Homocystinuria may have serious complications such as the development of blood clots. This could lead to a stroke, heart attack, or severe high blood pressure.

Diagnosis

Early treatment is important. Many states require that newborns be screened for homocystinuria. The test usually looks for high levels of methionine. If the test is positive, blood or urine tests can be done to confirm the diagnosis. These tests can detect high levels of methionine, homocysteine, and other sulfur-containing amino acids. Tests to detect an enzyme deficiency may be done as well.

Prenatal diagnosis of homocystinuria is available. It is done with samples taken during an amniocentesis or chorionic villi sample.

Newborn infants appear normal. Early symptoms, if present, are vague. They may first appear as mildly delayed development or failure to thrive. Increasing visual problems, dislocated lenses and nearsightedness in children may lead to diagnosis. Your doctor may order blood tests to confirm the diagnosis.

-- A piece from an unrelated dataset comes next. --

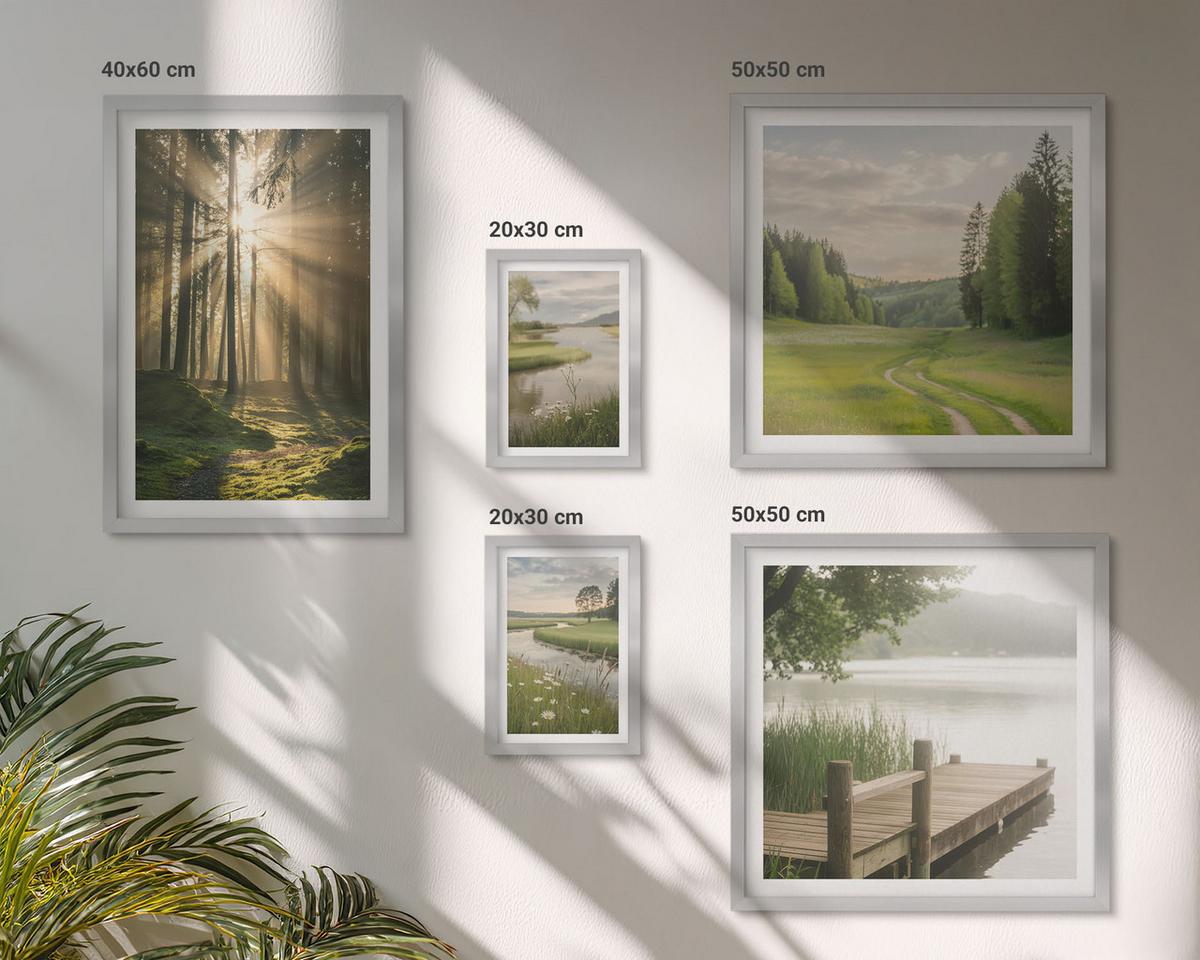 BILDER SET 5er Set - 50x50 cm & 20x30 cm & 40x60 cm Silberner Rahmen - Frühlingslandschaft Flusswiese - Silberfarben, Kunststoff (40/60cm) - TULUP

To look for potential complications the following tests may also be done:

  • X-rays to look for bone problems
  • An eye exam to look for eye problems

Treatment

There is no specific cure for homocystinuria. Treatment is focused on managing the levels of methionine. It should begin as early as possible. Treatment may include medication and/or a special diet.

Medication

Many people respond to high doses of vitamin B6. The supplement will be needed for the rest of your life. A normal dose of folic acid supplement is helpful.

Those that do not respond to these vitamin will need a combination of a low methionine diet with cysteine supplementation. Other medications may also be occasionally needed.

Special Diet

A special diet may help people who don’t respond to or don’t respond fully to vitamin B6 treatment. Starting the diet early in life can help prevent intellectual disability and other complications. In general, the diet:

  • Restricts foods with methionine
  • Consists mainly of fruits and vegetables
  • Allows very little, if any, meats, eggs, dairy products, breads, and pastas

Prevention

Genetic counseling is recommended for people with a family history of homocystinuria. The counselor will help you determine the risk your child has of developing homocystinuria.